[What the exercise asks]
Copy out each line of the material below that holds the string "Small".

[Dataset records]
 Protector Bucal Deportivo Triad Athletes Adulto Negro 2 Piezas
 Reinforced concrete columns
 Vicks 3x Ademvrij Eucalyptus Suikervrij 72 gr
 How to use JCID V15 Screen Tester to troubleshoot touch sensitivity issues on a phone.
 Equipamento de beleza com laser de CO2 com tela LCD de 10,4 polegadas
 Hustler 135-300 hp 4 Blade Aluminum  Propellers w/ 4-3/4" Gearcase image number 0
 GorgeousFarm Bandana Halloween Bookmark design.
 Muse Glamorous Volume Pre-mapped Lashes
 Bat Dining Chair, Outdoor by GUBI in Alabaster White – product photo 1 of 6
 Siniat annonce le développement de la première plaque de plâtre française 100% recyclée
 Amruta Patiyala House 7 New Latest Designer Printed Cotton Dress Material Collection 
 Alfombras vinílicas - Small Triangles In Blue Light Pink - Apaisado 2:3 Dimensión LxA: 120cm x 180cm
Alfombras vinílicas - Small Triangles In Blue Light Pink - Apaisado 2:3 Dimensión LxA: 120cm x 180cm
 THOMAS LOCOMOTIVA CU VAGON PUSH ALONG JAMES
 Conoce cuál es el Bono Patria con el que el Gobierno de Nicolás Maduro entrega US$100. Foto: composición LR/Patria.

[Solution to this task]
 Alfombras vinílicas - Small Triangles In Blue Light Pink - Apaisado 2:3 Dimensión LxA: 120cm x 180cm
Alfombras vinílicas - Small Triangles In Blue Light Pink - Apaisado 2:3 Dimensión LxA: 120cm x 180cm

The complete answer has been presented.